2013年8月14日水曜日

ニコール・キッドマン ザック・エフロン 増幅する闇 @ ペーパーボーイ 

 犯罪者に性的倒錯する危ない女とマザコン兄弟のそれぞれの性癖が人間の闇をさらに増幅する。1960年代の黒人差別が残る南部。ぎらつく陽射しと欲望と狂気。殺傷シーンでは観客から悲鳴もあがる。
地元の新聞社の見習いザック・エフロンのまえに突如現れた年上の女。ペーパーボーイにとって、ニコール・キッドマンは、恋人で、母で、性欲の強いバービー人形だった。凶暴な男との沼での生活を後悔しはじめたニコールはあなたが正しかったと手紙を出す。
 ミステリーでもサスペンスでもなく、もはや真相は意味をなさない。陰惨な闇が広がる、そんな映画だった。それぐらい、役者の力量がすごい。

 「イノセント・ガーデン」では、事故で夫を亡くし、葬儀当日に突然と現れた義弟と実の娘に翻弄される情緒不安定な母を演じていたニコール。そのときのインタビューで映画での暴力表現について、こんなふうに答えている。

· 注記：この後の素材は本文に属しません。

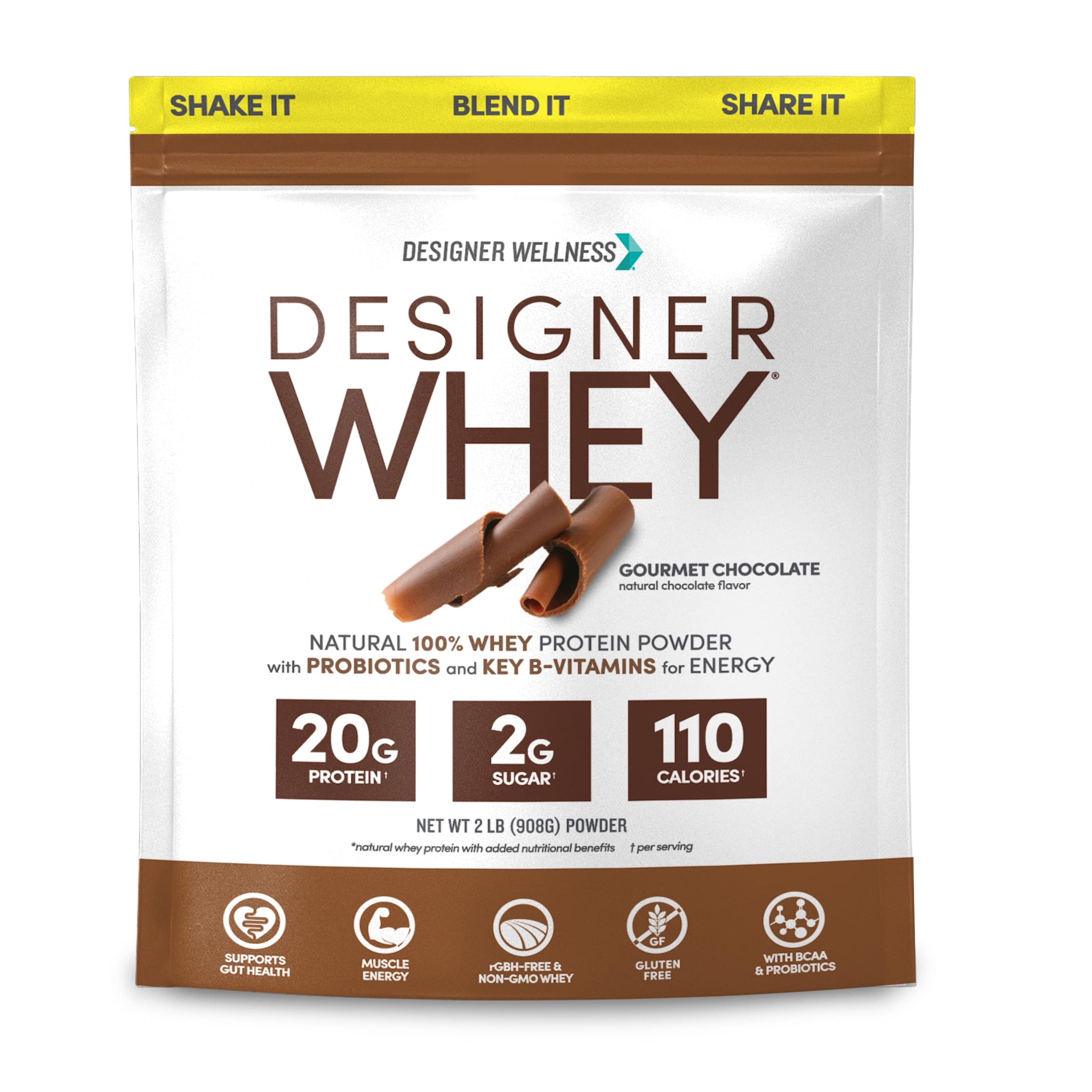 Chocolate Designer Whey 2 lb : 100% Whey Protein Powder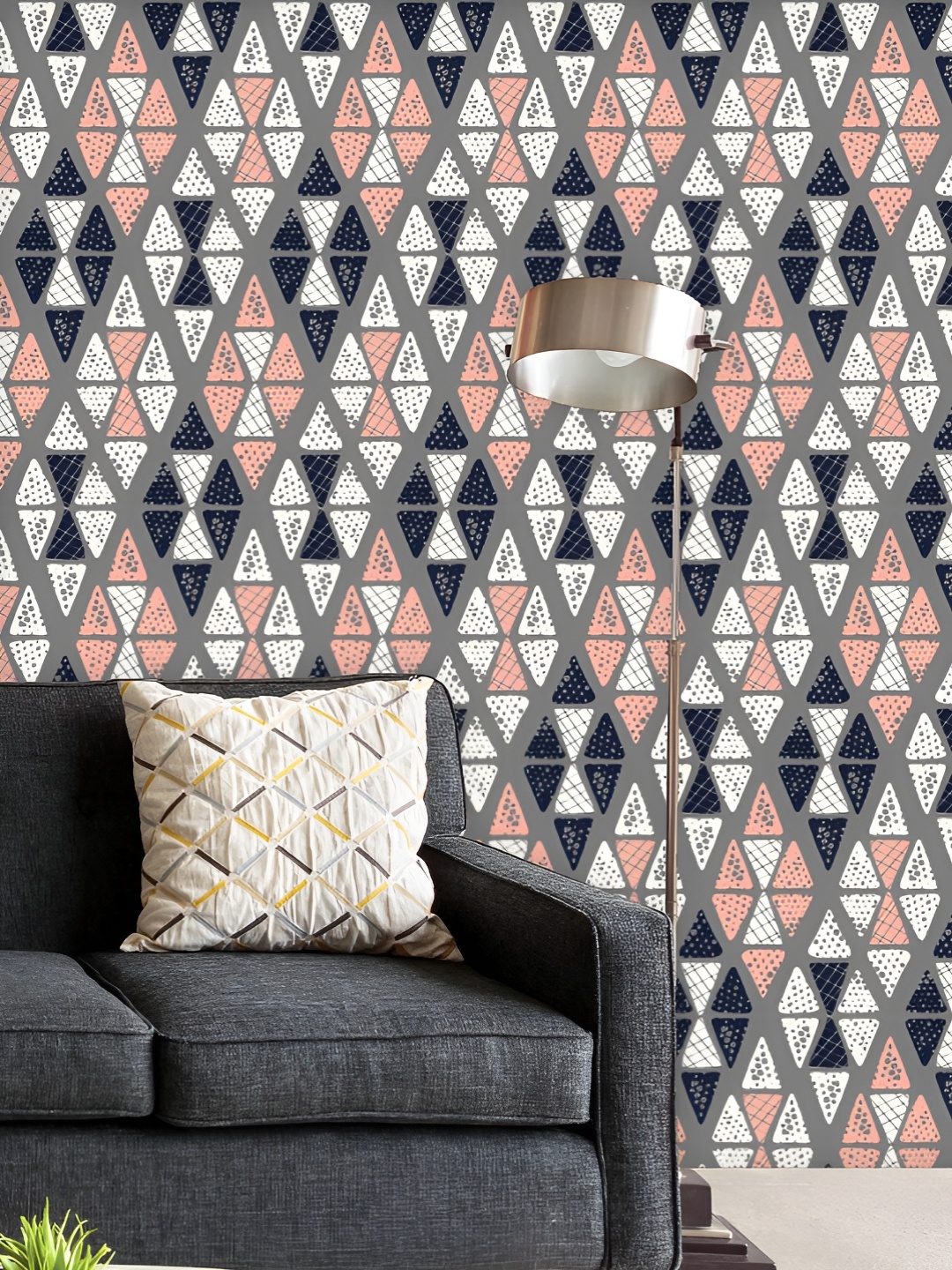 

ArtzFolio Printed UV-Resistant Anti-Bacterial Tribal Textured Argyle Peel & Stick Wallpaper, Multi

 「搾取的な暴力は好きじゃないけれど、関連性がある場合に映画で暴力を使うことには反対していない」
 「知的なアイディアが元になっている限り、それに単なる搾取でなければ、そういう作品も検討するし、非理知的に、知的に要求されることもかまわない」
 「そういう要求は受ける気持ちがあるし、オープンに対応する。たとえば芸術を見せるような形だったら、自分の芸術で暴力を扱うこともかまわない。文学や映画という観点では、暴力があることを受け入れているから、時には、進んで自分自身をそういう要求される立場におくつもりもある。」

 ペーパーボーイ、なるほどR15指定です。